Henry Moore: Seven Sculpture Ideas II, 1980

Introduction

Henry Moore was celebrated as a sculptor but was strongly influenced in his formative years by painters such as Giotto, Masaccio, Blake, Turner and Picasso, as well as the painter/sculptor Michelangelo. Born in Castleford, Yorkshire., he attended Leeds School of Art from 1919-21. In 1921 Moore won a Royal Exhibition Scholarship to study sculpture at the Royal College of Art, London. He taught at the Royal College from 1924-31 and at Chelsea School of Art from 1932-39. He was given his first one-man show in 1928 by the Warren Gallery and in the same year he gained his first public commission – to carve a relief in stone for a façade of the new Underground Building, London.

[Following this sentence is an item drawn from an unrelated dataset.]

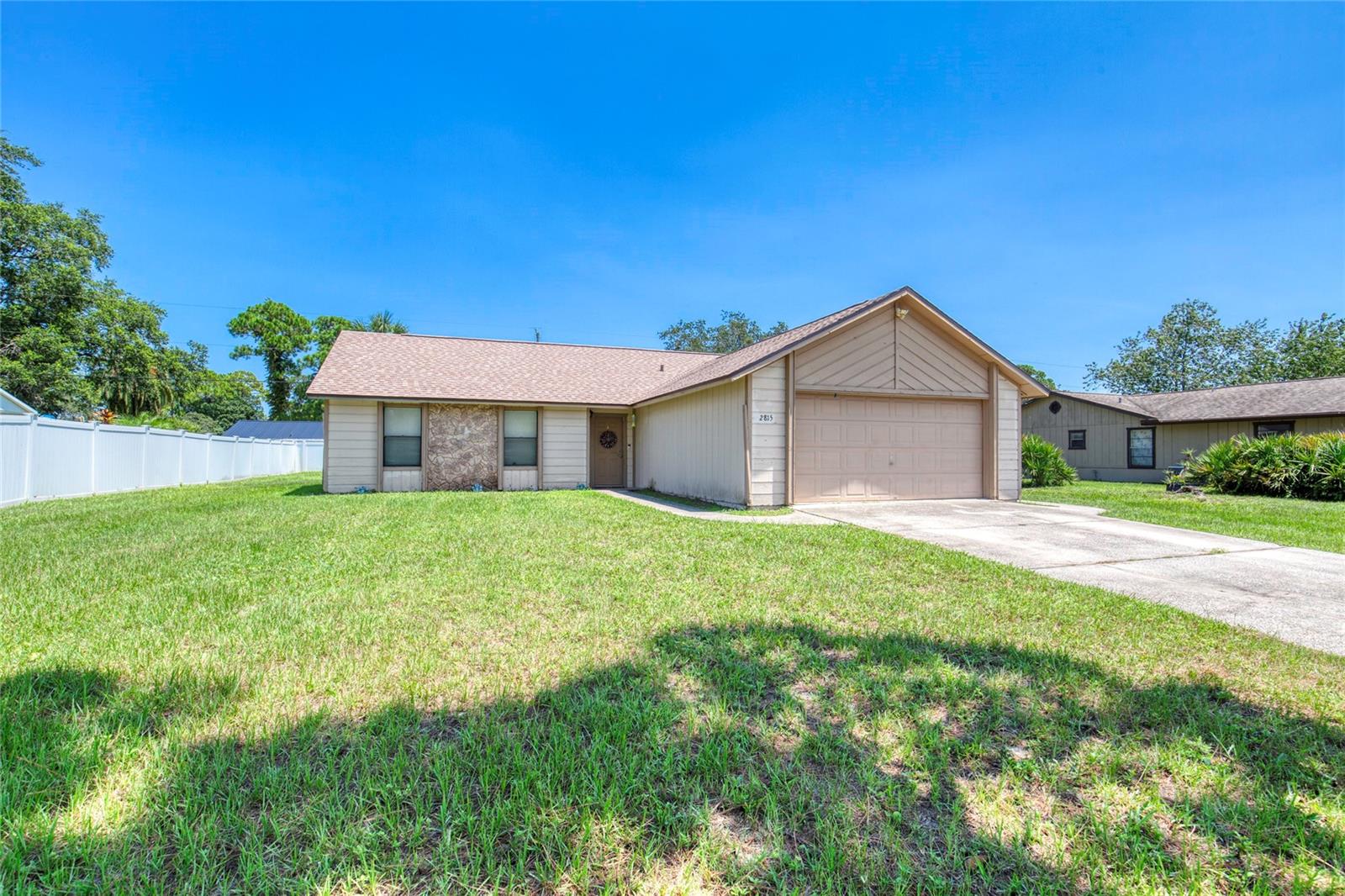 Image 3 of 29 For 2815 Travelers Palm Drive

Moore was a member of the Seven and Five Society from 1931 and he was invited to join Unit One; a group whose members included Edward Burra, Barbara Hepworth, Ben Nicholson and Edward Wadsworth. In 1946 Moore was given his first overseas retrospective at the Museum of Modern Art in New York. In 1948 he won the International Sculpture Prize at the Venice Biennale. He had a retrospective exhibition at the Tate Gallery, London in 1951 and 1968. He was First prize winner at the Sao Paulo Biennale, Brazil in 1953.

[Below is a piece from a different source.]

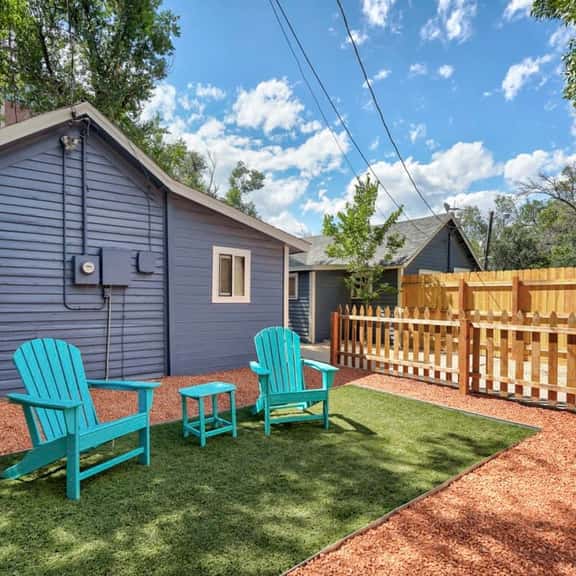 1Bedroom Pet Friendly Stay in SouthEast near DT CO - Image 1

Moore was a Trustee of the National Gallery, London from 1955-74. In 1977 he formed the Henry Moore Foundation at Much Hadham in Hertfordshire.

He was notable throughout his career for his output of graphic art (drawings, watercolours, etchings, lithographs), not necessarily closely related to the development of individual works in sculpture. These unusually for a sculptor, often used colour and often established a complete pictorial setting for figures or for imaginary sculptural objects, in a manner recalling the work of De Chirico or Max Ernst. (He exhibited in the International Surrealist exhibition in 1936). During the Second World War, as an Official War Artist, he made a series of drawings of people sheltering in the London Underground, as well as studies of miners at the coalface. He frequently used watercolour over wax crayon employed as a resist.

LIT:

Henry Moore, Sculpture and Drawings, D. Sylvester, H. Read, and Alan Bowness, 6 Vols, Lund Humphries, London, 1948-64

Henry Moore, Graphics in the Making, Pat Gilmour, Tate Gallery, 1975.